Hello,
I noticed a strange behavior involving the tee() system call. Here's a sample
program:
#define _GNU_SOURCE
#include <assert.h>
#include <fcntl.h>
#include <stdio.h>
#include <string.h>
#include <unistd.h>
int main()
{
int pipe_A[2];
int pipe_B[2];
char buffer[2] = { 0 };
pipe(pipe_A);
pipe(pipe_B);
write(pipe_A[1], "AA", 2);
tee(pipe_A[0], pipe_B[1], 1, 0);
write(pipe_B[1], "B", 1);
read(pipe_A[0], buffer, 2);
printf("%.*s\n", 2, buffer);
assert(!memcmp(buffer, "AA", 2));
return 0;
}
It creates two pipes A and B, then writes two bytes "AA" to pipe A, then tee()s
one byte from pipe A to pipe B, then writes one byte "B" to pipe B.
At that point, I expected pipe A to still contain the bytes "AA", because tee()

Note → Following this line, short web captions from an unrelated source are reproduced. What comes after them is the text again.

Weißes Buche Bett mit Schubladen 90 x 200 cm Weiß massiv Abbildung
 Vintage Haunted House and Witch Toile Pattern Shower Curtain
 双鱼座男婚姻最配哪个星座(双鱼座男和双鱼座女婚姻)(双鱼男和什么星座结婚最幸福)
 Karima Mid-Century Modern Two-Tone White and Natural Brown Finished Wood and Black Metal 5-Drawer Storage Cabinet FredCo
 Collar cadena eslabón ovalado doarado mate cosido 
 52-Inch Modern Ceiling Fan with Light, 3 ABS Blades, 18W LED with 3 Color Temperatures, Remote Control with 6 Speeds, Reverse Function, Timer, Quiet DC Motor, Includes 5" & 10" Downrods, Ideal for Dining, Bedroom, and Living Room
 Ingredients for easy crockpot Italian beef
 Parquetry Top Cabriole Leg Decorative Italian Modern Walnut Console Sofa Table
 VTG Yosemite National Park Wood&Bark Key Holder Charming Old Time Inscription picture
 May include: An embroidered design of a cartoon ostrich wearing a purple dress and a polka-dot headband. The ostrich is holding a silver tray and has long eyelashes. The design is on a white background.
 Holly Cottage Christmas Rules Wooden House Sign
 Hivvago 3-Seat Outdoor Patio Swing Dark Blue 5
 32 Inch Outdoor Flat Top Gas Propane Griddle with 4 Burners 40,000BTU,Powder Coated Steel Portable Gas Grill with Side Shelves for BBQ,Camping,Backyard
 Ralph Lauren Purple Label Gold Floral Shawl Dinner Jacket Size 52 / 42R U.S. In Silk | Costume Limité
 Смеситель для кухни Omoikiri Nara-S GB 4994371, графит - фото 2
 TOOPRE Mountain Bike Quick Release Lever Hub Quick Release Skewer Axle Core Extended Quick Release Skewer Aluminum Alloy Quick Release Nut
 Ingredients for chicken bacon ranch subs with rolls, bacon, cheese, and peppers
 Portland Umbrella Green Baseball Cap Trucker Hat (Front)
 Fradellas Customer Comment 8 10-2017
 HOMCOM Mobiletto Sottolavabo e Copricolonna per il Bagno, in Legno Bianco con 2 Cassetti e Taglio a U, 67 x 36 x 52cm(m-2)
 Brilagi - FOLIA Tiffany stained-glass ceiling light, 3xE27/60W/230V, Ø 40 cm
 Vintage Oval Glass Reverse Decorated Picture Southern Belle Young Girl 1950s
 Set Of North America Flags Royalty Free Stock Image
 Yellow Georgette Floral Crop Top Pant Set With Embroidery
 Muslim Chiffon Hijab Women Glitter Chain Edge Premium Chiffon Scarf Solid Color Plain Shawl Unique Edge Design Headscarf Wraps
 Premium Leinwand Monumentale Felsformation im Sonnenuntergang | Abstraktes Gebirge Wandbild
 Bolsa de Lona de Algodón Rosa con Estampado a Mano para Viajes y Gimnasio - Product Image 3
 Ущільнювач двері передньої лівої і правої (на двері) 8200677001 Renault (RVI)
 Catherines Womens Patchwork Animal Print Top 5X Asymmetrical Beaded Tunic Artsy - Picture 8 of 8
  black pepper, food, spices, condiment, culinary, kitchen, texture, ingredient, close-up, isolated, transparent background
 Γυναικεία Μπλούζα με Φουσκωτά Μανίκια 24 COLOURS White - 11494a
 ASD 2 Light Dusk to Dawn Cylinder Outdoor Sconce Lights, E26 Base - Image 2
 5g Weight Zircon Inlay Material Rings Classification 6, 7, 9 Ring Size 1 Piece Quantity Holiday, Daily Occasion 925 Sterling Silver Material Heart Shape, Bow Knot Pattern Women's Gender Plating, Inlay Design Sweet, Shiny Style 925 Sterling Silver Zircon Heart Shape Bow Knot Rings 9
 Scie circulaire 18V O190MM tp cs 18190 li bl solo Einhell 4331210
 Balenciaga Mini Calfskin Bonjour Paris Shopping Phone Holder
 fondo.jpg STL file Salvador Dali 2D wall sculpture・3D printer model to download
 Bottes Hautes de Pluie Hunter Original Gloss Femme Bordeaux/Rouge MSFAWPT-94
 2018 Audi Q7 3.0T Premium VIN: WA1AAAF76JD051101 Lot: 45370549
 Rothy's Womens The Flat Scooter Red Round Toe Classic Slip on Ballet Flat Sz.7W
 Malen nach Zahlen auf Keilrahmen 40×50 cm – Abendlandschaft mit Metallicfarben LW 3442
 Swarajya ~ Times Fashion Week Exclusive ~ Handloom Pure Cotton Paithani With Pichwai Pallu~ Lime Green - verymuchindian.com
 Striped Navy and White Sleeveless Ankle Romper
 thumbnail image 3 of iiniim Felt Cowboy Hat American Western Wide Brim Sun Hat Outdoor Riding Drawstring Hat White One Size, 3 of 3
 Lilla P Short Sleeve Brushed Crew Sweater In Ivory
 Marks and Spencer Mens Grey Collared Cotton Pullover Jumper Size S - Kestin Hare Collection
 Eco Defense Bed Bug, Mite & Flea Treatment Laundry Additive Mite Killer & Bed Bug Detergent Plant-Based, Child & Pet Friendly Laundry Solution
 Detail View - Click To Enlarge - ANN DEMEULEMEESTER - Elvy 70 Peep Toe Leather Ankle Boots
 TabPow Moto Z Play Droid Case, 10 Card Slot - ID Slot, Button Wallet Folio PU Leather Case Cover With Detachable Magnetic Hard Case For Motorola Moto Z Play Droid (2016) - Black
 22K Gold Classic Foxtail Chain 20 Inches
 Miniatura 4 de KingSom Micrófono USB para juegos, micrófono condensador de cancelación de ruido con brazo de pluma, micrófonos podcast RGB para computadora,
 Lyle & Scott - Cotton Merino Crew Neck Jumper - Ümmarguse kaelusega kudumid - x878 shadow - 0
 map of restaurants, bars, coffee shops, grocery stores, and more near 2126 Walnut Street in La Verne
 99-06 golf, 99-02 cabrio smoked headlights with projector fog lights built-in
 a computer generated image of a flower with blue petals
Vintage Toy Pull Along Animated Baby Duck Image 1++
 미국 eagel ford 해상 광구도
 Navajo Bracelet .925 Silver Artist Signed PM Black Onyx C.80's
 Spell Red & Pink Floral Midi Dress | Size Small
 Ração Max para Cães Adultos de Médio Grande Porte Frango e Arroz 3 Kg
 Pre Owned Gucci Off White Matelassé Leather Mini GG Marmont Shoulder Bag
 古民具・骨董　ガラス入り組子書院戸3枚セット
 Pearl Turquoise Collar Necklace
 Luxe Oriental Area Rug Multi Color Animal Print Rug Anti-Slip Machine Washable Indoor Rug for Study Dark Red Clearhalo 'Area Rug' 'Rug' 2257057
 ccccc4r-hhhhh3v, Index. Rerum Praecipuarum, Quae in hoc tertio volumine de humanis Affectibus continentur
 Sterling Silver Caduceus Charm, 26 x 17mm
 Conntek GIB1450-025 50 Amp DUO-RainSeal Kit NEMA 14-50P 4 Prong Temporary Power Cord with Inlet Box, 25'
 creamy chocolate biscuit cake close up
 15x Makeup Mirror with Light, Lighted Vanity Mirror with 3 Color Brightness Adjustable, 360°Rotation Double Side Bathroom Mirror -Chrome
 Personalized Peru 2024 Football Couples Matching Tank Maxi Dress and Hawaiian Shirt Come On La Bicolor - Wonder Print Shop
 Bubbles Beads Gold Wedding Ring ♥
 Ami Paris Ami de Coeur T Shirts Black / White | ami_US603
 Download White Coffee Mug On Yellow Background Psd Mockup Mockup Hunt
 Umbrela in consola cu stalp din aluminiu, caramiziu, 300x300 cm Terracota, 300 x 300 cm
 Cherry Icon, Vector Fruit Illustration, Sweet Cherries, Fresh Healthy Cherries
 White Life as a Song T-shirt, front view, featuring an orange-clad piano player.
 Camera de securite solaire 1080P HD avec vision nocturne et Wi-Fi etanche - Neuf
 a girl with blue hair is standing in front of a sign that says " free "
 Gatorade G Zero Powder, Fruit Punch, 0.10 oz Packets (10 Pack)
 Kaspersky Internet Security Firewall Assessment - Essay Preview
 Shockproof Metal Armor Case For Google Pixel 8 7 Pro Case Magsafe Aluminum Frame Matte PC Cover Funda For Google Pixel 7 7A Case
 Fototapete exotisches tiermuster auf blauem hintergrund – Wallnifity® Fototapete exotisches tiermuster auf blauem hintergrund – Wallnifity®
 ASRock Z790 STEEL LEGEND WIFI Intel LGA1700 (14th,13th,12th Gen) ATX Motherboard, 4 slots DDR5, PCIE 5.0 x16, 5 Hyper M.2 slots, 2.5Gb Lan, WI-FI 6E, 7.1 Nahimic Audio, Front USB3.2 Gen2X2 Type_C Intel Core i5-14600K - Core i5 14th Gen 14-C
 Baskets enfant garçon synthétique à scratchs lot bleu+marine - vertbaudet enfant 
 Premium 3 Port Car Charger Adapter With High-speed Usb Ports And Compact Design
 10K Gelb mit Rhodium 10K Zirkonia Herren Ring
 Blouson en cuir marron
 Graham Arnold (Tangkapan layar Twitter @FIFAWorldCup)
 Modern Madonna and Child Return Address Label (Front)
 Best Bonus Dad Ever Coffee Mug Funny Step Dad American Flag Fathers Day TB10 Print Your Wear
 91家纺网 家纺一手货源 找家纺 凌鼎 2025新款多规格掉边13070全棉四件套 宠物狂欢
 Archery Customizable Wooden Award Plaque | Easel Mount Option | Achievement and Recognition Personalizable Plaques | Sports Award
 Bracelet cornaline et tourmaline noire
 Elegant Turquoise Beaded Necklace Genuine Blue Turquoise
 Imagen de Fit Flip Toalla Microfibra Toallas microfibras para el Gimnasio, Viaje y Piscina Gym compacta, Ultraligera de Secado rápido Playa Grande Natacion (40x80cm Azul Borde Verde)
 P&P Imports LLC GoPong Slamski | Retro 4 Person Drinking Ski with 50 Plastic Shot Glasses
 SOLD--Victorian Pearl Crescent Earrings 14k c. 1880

does not consume the source data, nor was any data written to pipe A; nor should
it be possible to modify data already in a pipe (unless it was put there by
splice() or vmsplice()).
However, the actual behavior is that pipe A contains the bytes "AB". This
happens because the second byte was overwritten by the write to pipe B, as the
data in both pipes are backed by the same page, and the pipe is using
anon_pipe_buf_ops which has .can_merge = 1, so the backing page can be written
to by pipe_write().
Is this a bug? It certainly seems like it; you should *not* be able to modify
data in a pipe, given only the read end.
- Eric